La puerta de entrada está abierta, como de costumbre. La del balcón está cerrada, como todas las tardes del fin de semana. Enfrente retumban los parlantes de las discotecas, que hacen vibrar los ventanales como si el apartamento tuviera motor. Samuel duerme, indiferente a las vibraciones, como si la mecedora lo transportara a una tierra de ensueño.
El corredor comercial de Moravita está lleno de vecinos. En los balcones se ven parejas de jovencitas haciéndose trenzas, señoras sentadas mirando para abajo, niños que aparecen y desaparecen. Los balcones son palcos para no perderse lo que está pasando, y además sirven de cuartos útiles.

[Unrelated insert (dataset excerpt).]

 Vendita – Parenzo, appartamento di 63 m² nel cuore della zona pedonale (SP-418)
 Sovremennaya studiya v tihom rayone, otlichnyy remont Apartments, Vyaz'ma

En las ventanas se ven avisos que ofrecen servicios: se sacan llaves, se venden minutos, licores, helados y comidas rápidas. Las cortinas hacen las veces de fachada multicolor, como si adornaran las tribunas de una plaza de toros antes de la corrida vespertina.
Detrás de esas cortinas viven albañiles, vendedores ambulantes, recicladores, mensajeros y carretilleros que también utilizan los apartamentos como bodegas de su oficio: guardan el cartón y el plástico, la carretilla –un señor llegó a subir el caballo y lo metió en el balcón– y la moto.
Dada la imposibilidad de marcar diferencias con el exterior de los apartamentos, las cortinas son una señal de estatus: el material del que están hechas, el color y la forma en que caen, revelan la situación de una familia: las hay rectas y con pliegues, o desgonzadas y mustias, o son una sábana o una cobija vieja.
Hay familias que prosperan, pues la propiedad les ha dado confianza para invertir en sus apartamentos y los han valorizado, y otras en dificultades, numerosas, que o pagan los servicios o se acuestan con hambre.
Samuel se despierta. Viviana lo saca de la mecedora y se sienta en el sofá. Lo acomoda entre sus carnes y lo amamanta. Afuera, frente a la discoteca, un grupo de hombres juega dominó… ¡Tas!... ¡Tas!... ¡Tas!..., suena el beat del barrio.
Entran un par de niños, Viviana los atiende.
—Que si tiene bolsas de regalo — dice uno de ellos.
—Claro que sí mi amor, ¿de cuáles quiere?
—Ah, no sé, una de este tamaño — dice el niño, y le enseña una bolsa plástica.
—¿De mujer o de hombre?
—Mmm…
—Lleve pues esta —dice, y le entrega una que sirve para cualquier género.
El niño le da una moneda de cien pesos y se va con su amiguito.
Afuera, que también es adentro, en la mitad del ruedo, la vida sigue su algarabía. Todo está mezclado y a la vista: los niños jugando, los ancianos conversando, los muchachos bebiendo, las jovencitas bailando, la mujer comprando el revuelto, el hombre con la caja de huevos al hombro. En la vida vertical de La Aurora la cotidianidad se vive como en un día de mercado.
El cielo se cierra, parece que va a llover.
—No se preocupe por la lluvia que aquí no se moja —dice Viviana—. Si estuviéramos en Moravia tendríamos que sacar hasta las cucharas para recoger las goteras. Y luego estaban el pantanero y las ratas y la basura y la mierda que le tiraban a uno al techo, y la zozobra porque cualquier día le echaban a uno el ranchito al suelo.
Raúl entra y detrás viene Brainer con la ropa empapada. Viviana le entrega el bebé a su esposo y le pide a su hijo que se cambie.
—Voy a preparar la comida para que se vaya para la reunión —dice.
Raúl va a reunirse con sus compañeros de la Junta para preparar la jornada de elecciones.
—La idea es competirle a San Cristóbal en alguno de los proyectos, pero es difícil porque están organizados. Hay que trabajar con la comunidad para competir mejor en las próximas elecciones—dice.
El futuro cercano parece inevitable: por vocación y población, la Ciudadela Nuevo Occidente se convertirá en la comuna 17 de la ciudad. La refundación vertical está en marcha. Entre el ayer y el mañana de Medellín, habrá un momento para su aurora.